Please give the entries below again exactly, omitting every picture.

### Captioned web image data
= = = =

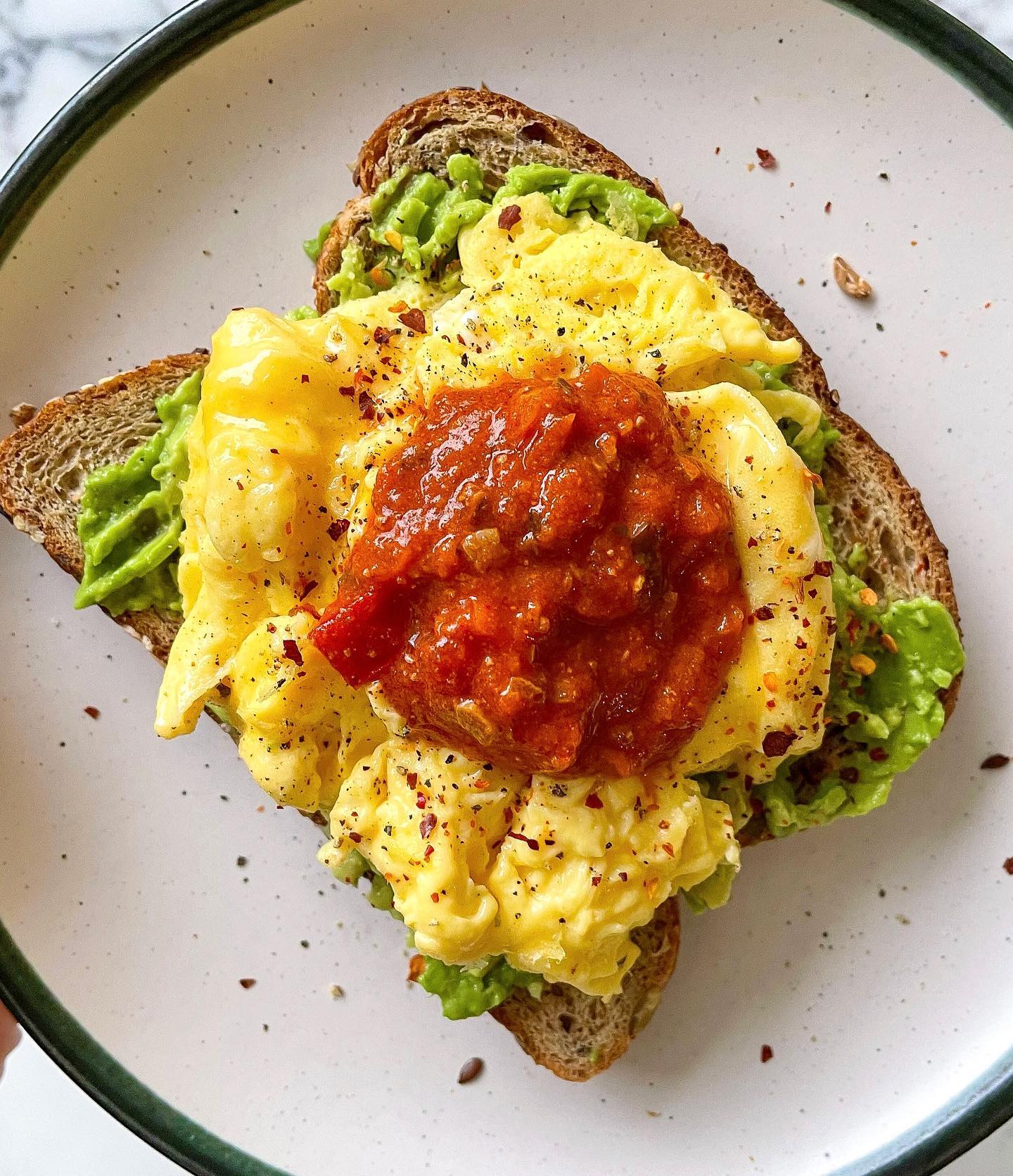 Loaded Avocado and Egg Toast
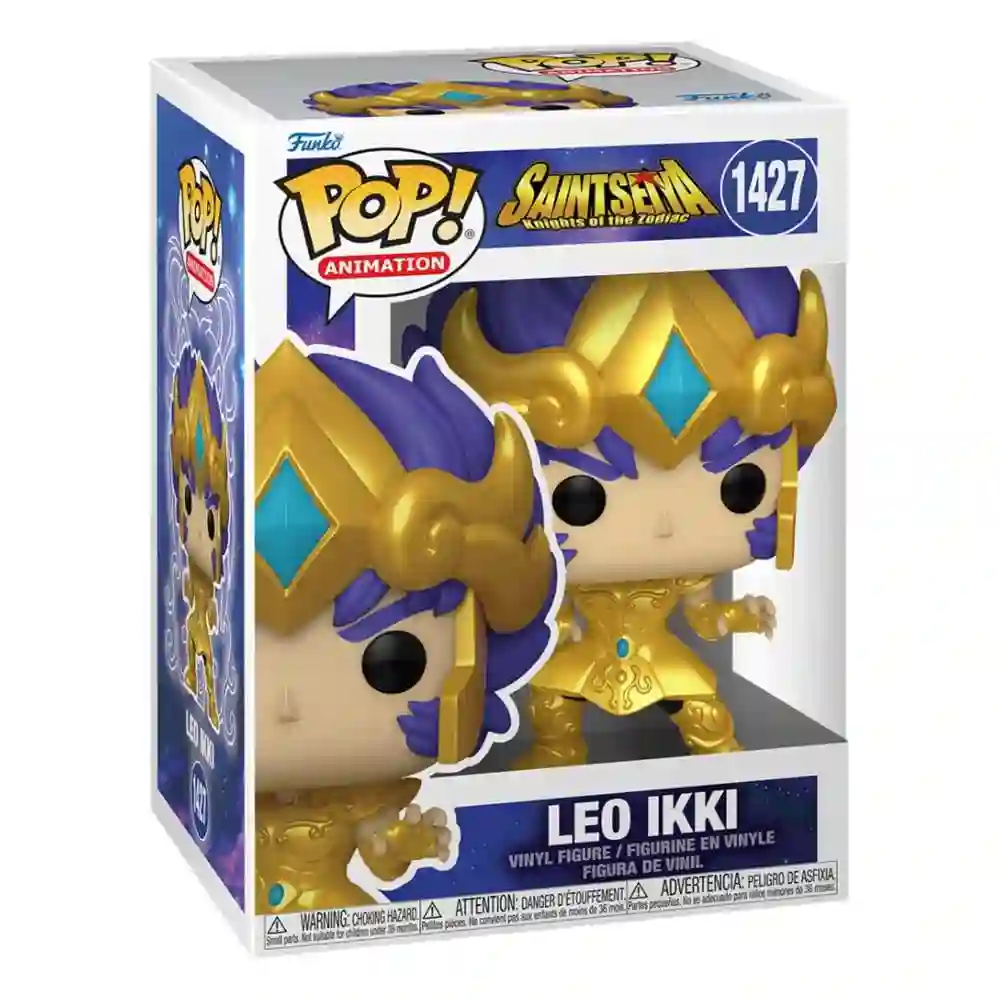 Funko Pop Gold Leo Ikki. Saintseiya Knights of the Zodiac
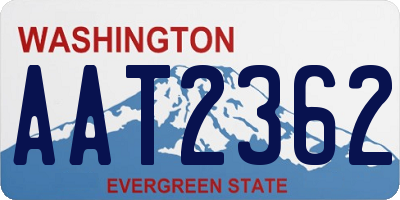 WA license plate AAT2362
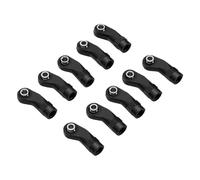Zunate 10pcs M4 Rotule Tête RC Liaison Tige Embouts pour 1/10 | Extrémité de biellette de direction réglable, Kit de liaison de direction, camion de loisir tout-terrain, douille à bille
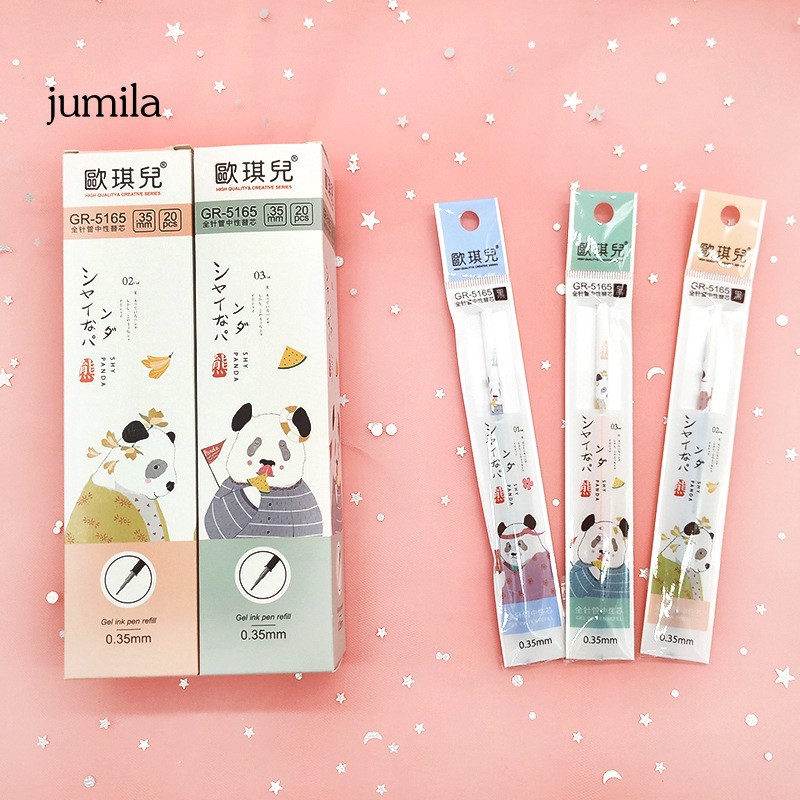 Set 20 ruột bút mực gel 0.35mm/ 0.38mm/ 0.5mm tiện dụng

= = = =

### FINAL ANSWER
 Loaded Avocado and Egg Toast
 Funko Pop Gold Leo Ikki. Saintseiya Knights of the Zodiac
 WA license plate AAT2362
Zunate 10pcs M4 Rotule Tête RC Liaison Tige Embouts pour 1/10 | Extrémité de biellette de direction réglable, Kit de liaison de direction, camion de loisir tout-terrain, douille à bille
 Set 20 ruột bút mực gel 0.35mm/ 0.38mm/ 0.5mm tiện dụng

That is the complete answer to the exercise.